Richard Sheley, the father of the decedent, testified that he was on his way home from Champaign when the accident occurred and that his wife was in charge of the child. He stated that there was frequent and constant traffic on Route 10 day in and day out. He testified that they frequently allowed their daughter to cross Route 10, but never by herself and unattended, but only after they escorted her to the edge of the pavement. Sheley also testified that the "practice" was as follows, when the child returned from the opposite side of the road:

"When our daughter would start home she would stand on the other side of the road, the east side of the hardroad, and would yell for someone to help her across the hardroad. That was always her practice unless there was someone around to say `Come on home, Hope'."

Nancy Sheley testified that on the day in question the child asked to go across the street to play with a friend. She took Hope by the hand, walked her to the corner and thought that she accompanied her across the street. Mrs. Sheley then returned to their home and was engaged in preparing the evening meal when notified of the accident.

• 1, 2 We do not agree with defendant's contention that merely because she was not shown to have been violating any traffic laws, and did not see the child at any time, that there was no question of fact for the jury. The speed of defendant's automobile was placed between 15 MPH and 30 MPH by the various witnesses. Three witnesses said the child was standing 1 foot from the highway, defendant's passenger said that shortly earlier a child was running south on the sidewalk, and there was evidence that at some point the defendant's car swerved towards the side of the road. Photographs in evidence show a clear view of the intersection and roadside and the defendant admits she knew that many young children resided in the area, and testified she kept "extra special" lookout for young children near the intersection; yet, the defendant never saw the decedent until after the impact. Whether an individual has been guilty of negligence is a question of fact, and evidence on that matter is addressed to the jury. In Kahn v. James Burton Co., 5 Ill.2d 614, 126 N.E.2d 836, the court stated that questions concerning one's care, another party's alleged negligence, the proximate cause of such injured party's injuries and damages are preeminently questions of fact for the jury to determine, and that a jury's finding should not be set aside unless against the manifest weight of the evidence. In this case, there was a real dispute as to whether the defendant was maintaining a proper lookout at the time of the accident and whether or not the defendant swerved and struck the child or the child ran into the car. The trial court quite properly denied the defendant's motion for directed verdict and for judgment notwithstanding the verdict and for judgment notwithstanding the verdict in view of the evidentiary posture of this case. Pedrick v. Peoria & Eastern R.R. Co., 37 Ill.2d 494, 229 N.E.2d 504.

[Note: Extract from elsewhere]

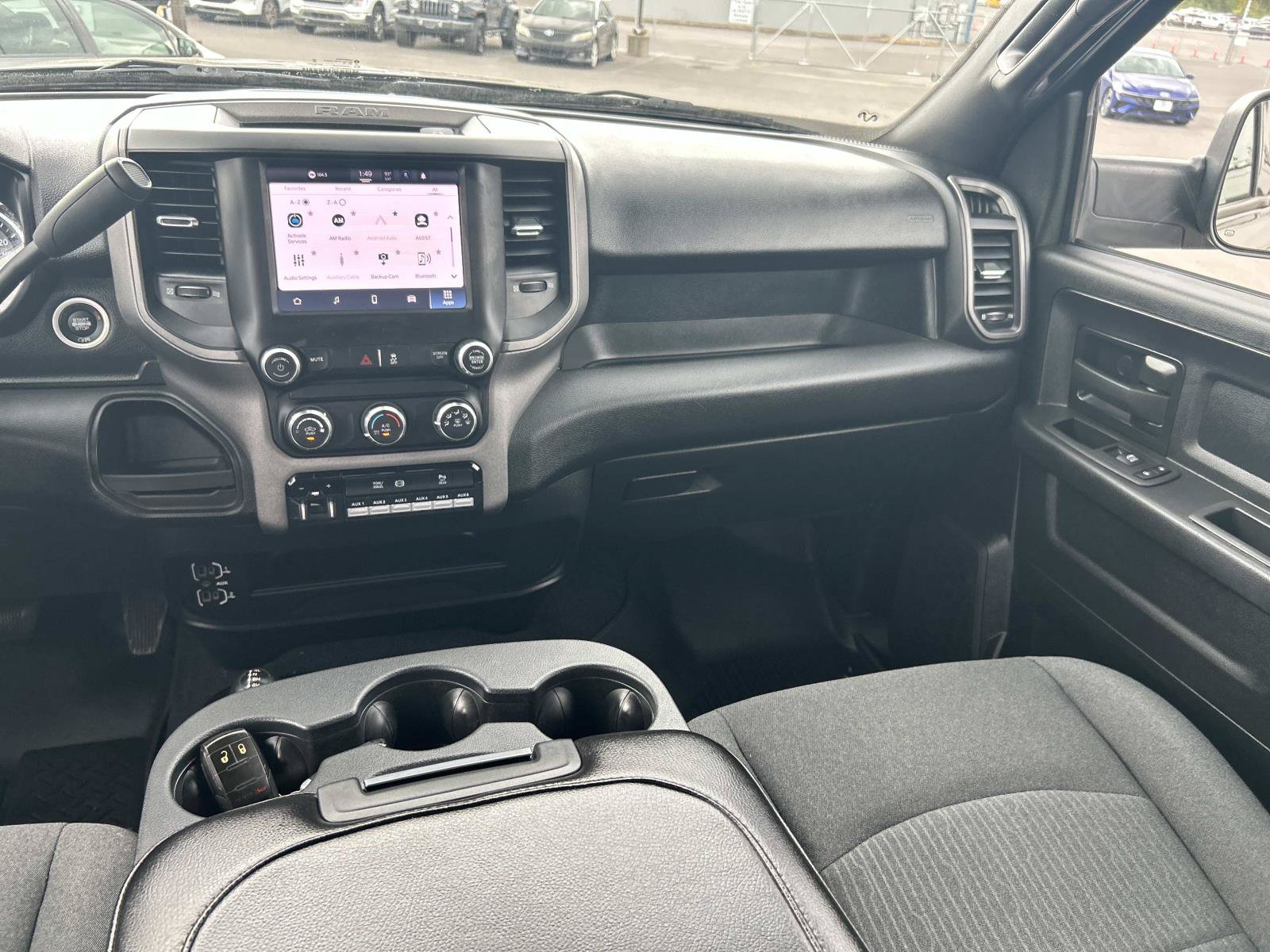 Used 2022 RAM 2500 Tradesman AWD/4WD image 27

The defendant offered an instruction predicated upon the proposition that the evidence demonstrated the mother's failure to properly supervise the child. The instruction, IPI-Civil No. 31.08, advised the jury that if they found that the mother negligently contributed to the cause of the death of the decedent, such would preclude the mother from participating in any award made.

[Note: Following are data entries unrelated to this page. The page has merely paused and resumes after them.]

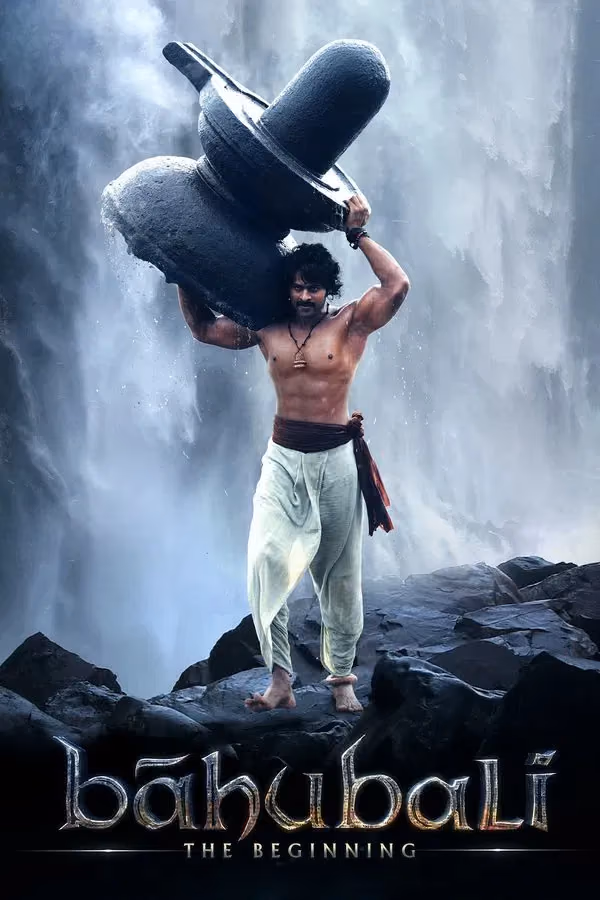 Baahubali: The Beginning (2015)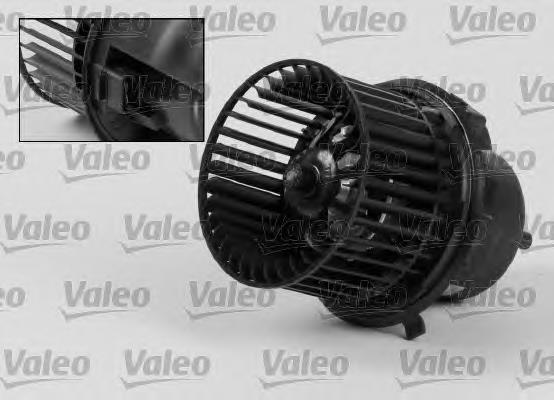 715023 VALEO motor de ventilador de forno (de aquecedor de salão)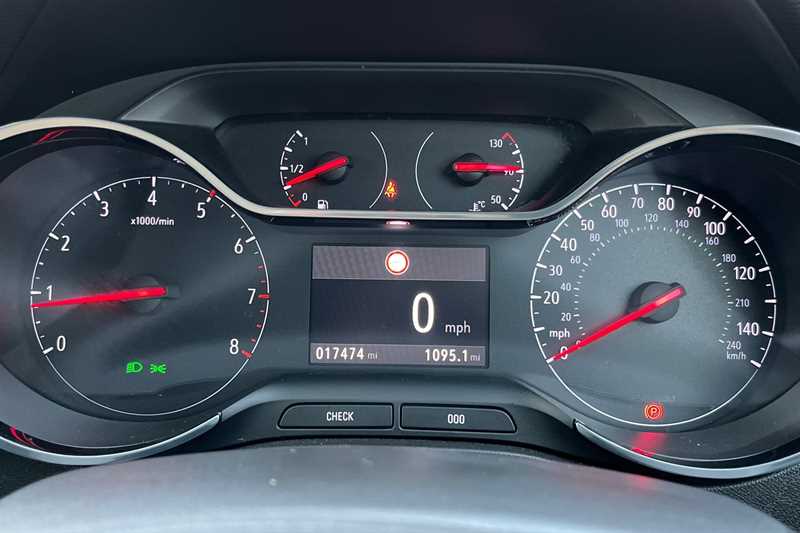 Used Vauxhall Crossland 2022 for sale - 77944731: Photo 20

• 3 The trial court refused this instruction and upon appeal it was urged that such was error. The tendered instruction is predicated upon the provisions of section 2 of the Wrongful Death Act. (Ill. Rev. Stat. 1971, ch. 70, § 2.) Contributory negligence of any person entitled to share in an award does not relate to liability, but simply precludes the contributorily negligent relative from sharing in the recovery, and the amount of damages shall not include compensation for such person.

• 4 The negligence, if any, on the part of the mother cannot be imputed to the decedent. Duffy v. Cortesi, 2 Ill.2d 511, 119 N.E.2d 241; Rahn v. Beurskens, 66 Ill. App.2d 423, 213 N.E.2d 301.

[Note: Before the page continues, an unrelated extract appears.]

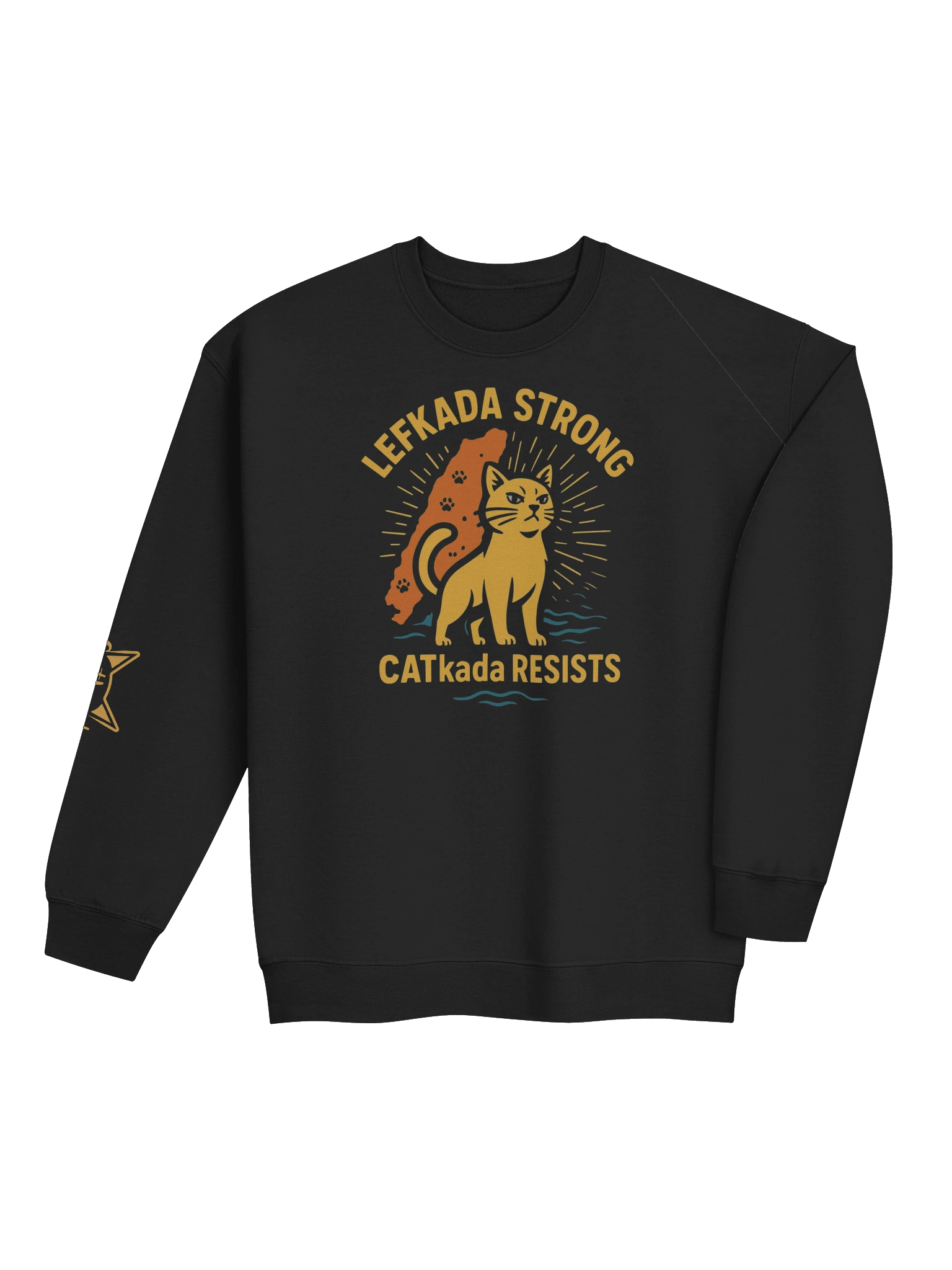 STRONG CREWNECK product image (4)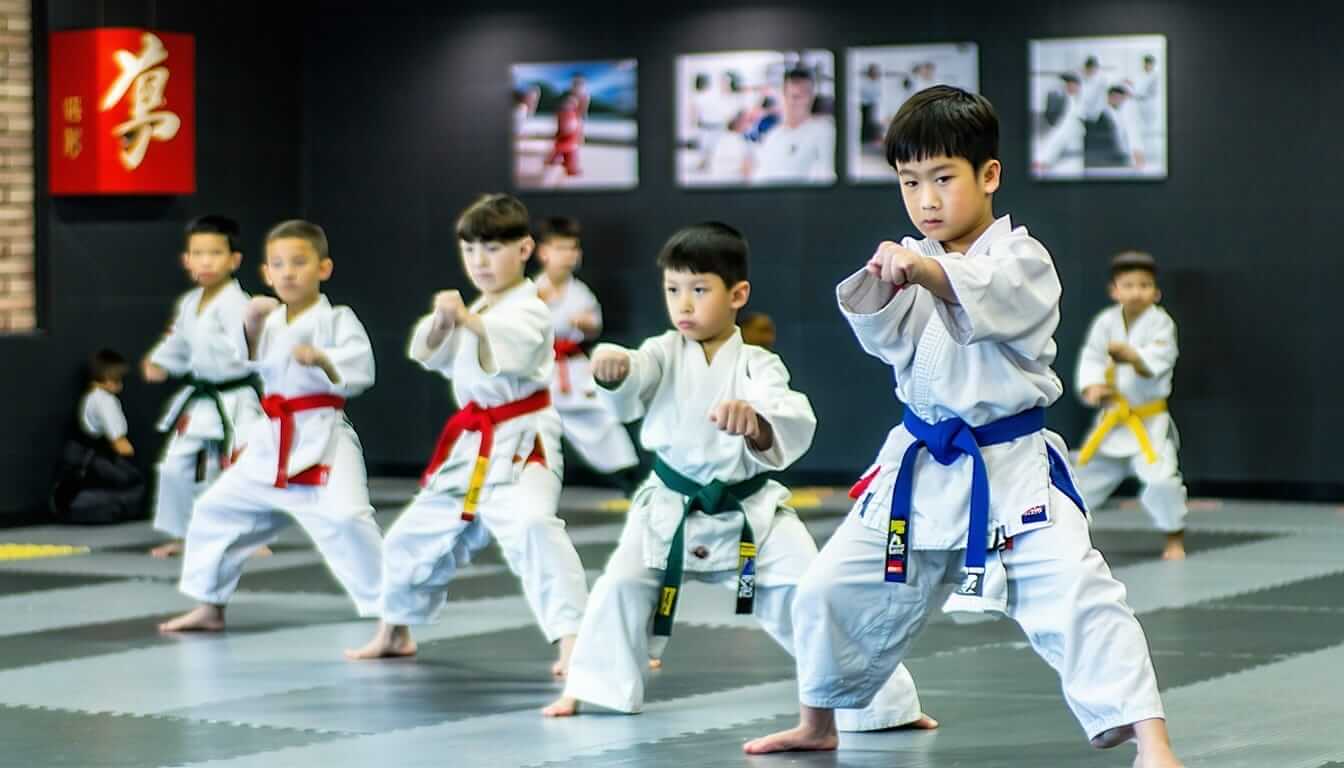troy, mi martial arts academy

• 5 By its language the tendered and refused instruction applies to the amount of damages and the mother's right to participate in the award. There is no contention made upon this appeal that the damages awarded by the jury were in any way excessive. We see no reason why this offered instruction does not fall within the often stated rule that evidence or instructions going to the measure of damages where the amount awarded is not questioned as excessive must be viewed as harmless error. Aledo Terminal Ry. Co. v. Butler, 246 Ill. 406, 92 N.E. 909; Fugate v. Sears, Roebuck & Co., 12 Ill. App.3d 656, 299 N.E.2d 108; Strasma v. Lemke, 111 Ill. App.2d 377, 250 N.E.2d 305; Slovinski v. Beasley, 316 Ill. App. 273, 45 N.E.2d 42.

• 6 Furthermore, the defendant made no objection to the submission of plaintiff's instruction number 28 (IPI — Civil No. 31.01, modified) which advised the jury to fix their award in an amount "which will reasonably and fairly compensate the father, mother, brother and sister of the decedent for the pecuniary loss proved by the evidence to have resulted to them from the death of the decedent." Having accepted this instruction, it ...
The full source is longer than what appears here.